The Richardson number can also be expressed by using a combination of the Grashof number and the Reynolds number:
$$\mathrm{Ri} = \frac{\mathrm{Gr}}{\mathrm{Re}^2}.$$
Typically, natural convection is negligible when Ri < 0.1, forced convection is negligible when Ri > 10, and neither is negligible when 0.1 < Ri < 10. It may be noted that usually forced convection is large relative to natural convection, except in the case of extremely low forced-flow velocities. However, buoyancy often plays a significant role in defining the laminar-turbulent transition of a mixed convection flow. In the design of water-filled thermal energy storage tanks, the Richardson number can be useful.

== Meteorology ==
In atmospheric science, several different expressions of the Richardson number are commonly used: flux Ri (which is fundamental), gradient Ri, and bulk Ri.

The flux Richardson number is the ratio of buoyant production (or suppression) of turbulence kinetic energy to the production of turbulence by shear:
$$\mathrm{Ri}_\text{f} = \frac{(g / T_\text{v}) \overline{w' \theta_\text{v}'}}{\overline{u' w'} \frac{\partial \overline{u}}{\partial z} + \overline{v' w'} \frac{\partial \overline{v}}{\partial z}},$$
where $T_\text{v}$ is the virtual temperature, $\theta_\text{v}$ is the virtual potential temperature, and $z$ is the altitude. The quantities $u$, $v$, and $w$ are the $x$, $y$, and $z$ (vertical) components of the wind velocity, respectively. A primed quantity (e.g., $w'$) denotes a deviation of the respective field from its Reynolds average.

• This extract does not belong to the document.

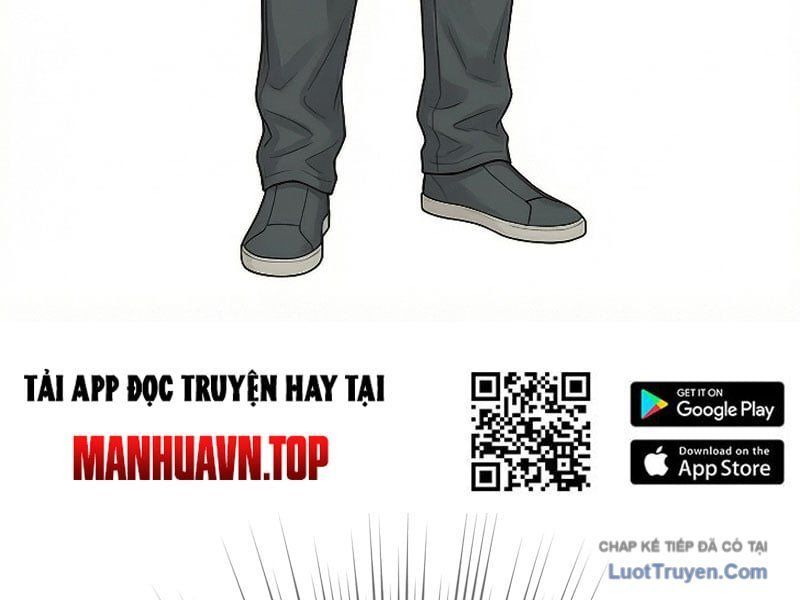 Toàn Cầu Băng Phong : Thu Nhận Hầu Gái, Bắt Đầu Từ Cô Vợ Kiêu Ngạo Nhà Bên - Chapter 1 - Page 48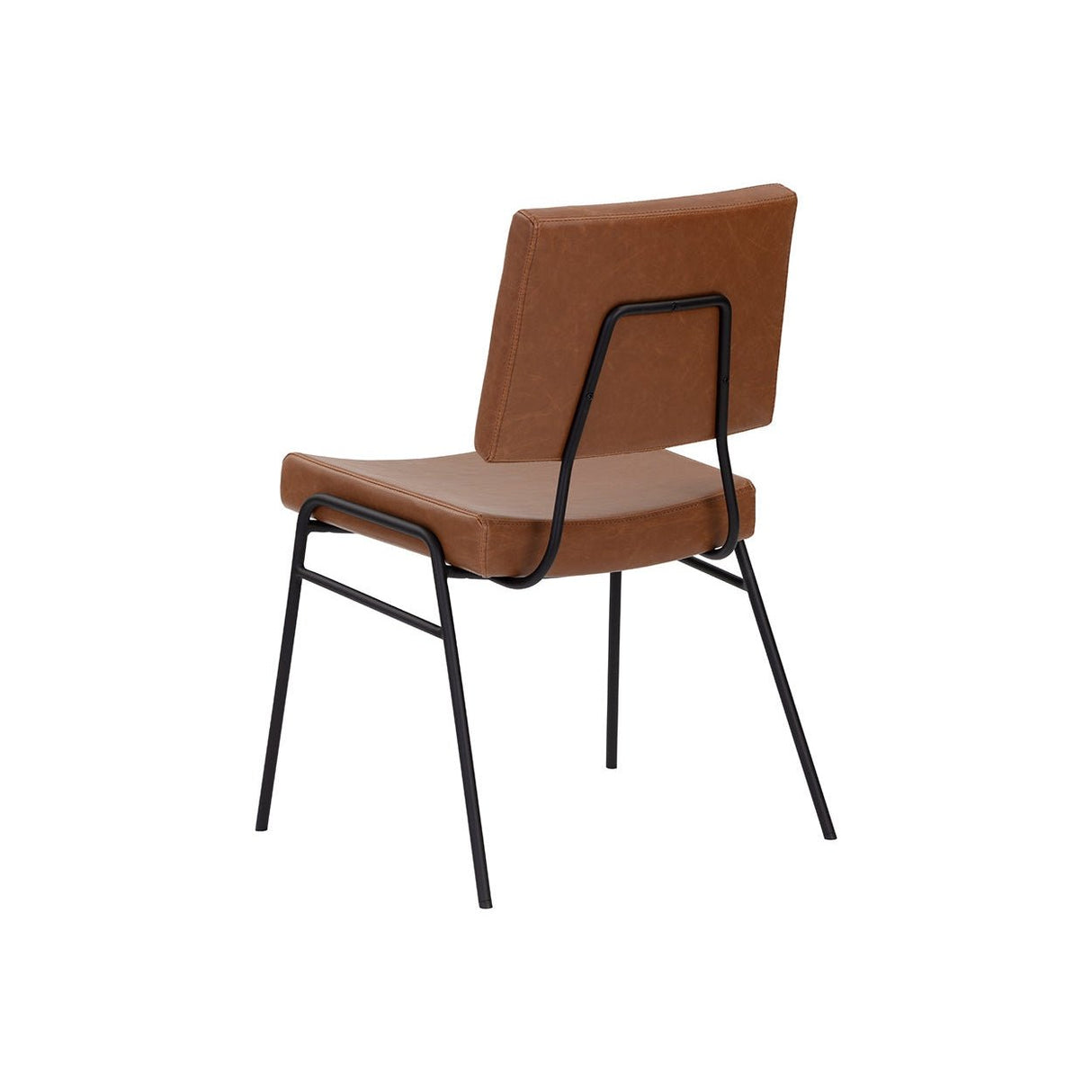 Brinley Dining Chair | Sunpan | Home Elegance USA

The gradient Richardson number is obtained by approximating the flux Richardson number above using K-theory. This gives:
$$\mathrm{Ri}_\text{g} = \frac{(g / T_\text{v}) \frac{\partial \theta_\text{v}}{\partial z}}{(\frac{\partial u}{\partial z})^2 + (\frac{\partial v}{\partial z})^{2}}.$$

The bulk Richardson number is the result of making a finite difference approximation to the derivatives in the expression for the gradient Richardson number above:
$$\mathrm{Ri}_\text{b} = \frac{(g / T_{\text{v}0})\Delta \theta_\text{v} \Delta z}{(\Delta u)^2 + (\Delta v)^2},$$
where, for any variable $f$, $\Delta f = f_{z1} - f_{z0}$, i.e., the difference between $f$ at altitude $z1$ and altitude $z0$. If the lower reference level is taken to be $z0 = 0$, then $u_{z0} = v_{z0} = 0$ (due to the no-slip boundary condition), giving the bulk Richardson number as:
$$\mathrm{Ri}_\text{b} = \frac{(g / \theta_{\text{v}0})(\theta_{\text{v}z1} - \theta_{\text{v}0}) z}{(u_{z1})^2 + (v_{z1})^2}.$$

== Oceanography ==
In oceanography, the Richardson number has a more general form that takes stratification into account. In this context, Ri is a measure of the relative importance of mechanical and density effects in the water column, as described by the Taylor–Goldstein equation, which is used to model Kelvin–Helmholtz instability in the case of driven sheared-flows:
$$\mathrm{Ri} = \frac{N^2}{(\partial u / \partial z)^2},$$
where $N$ is the Brunt–Väisälä frequency and $\partial u / \partial z$ is the water velocity shear.

The Richardson number given above is always considered positive. A negative value of $N^2$ (i.e., $N$ is complex) indicates unstable density gradients with active convective overturning. Under such circumstances, the magnitude of a negative Ri is not generally of interest. It can be shown that Ri < 0.25 is a necessary condition for velocity shear to overcome the tendency of a stratified fluid to remain stratified; moreover, some mixing (turbulence) will generally occur. When Ri is large, turbulent mixing across the stratification is generally suppressed.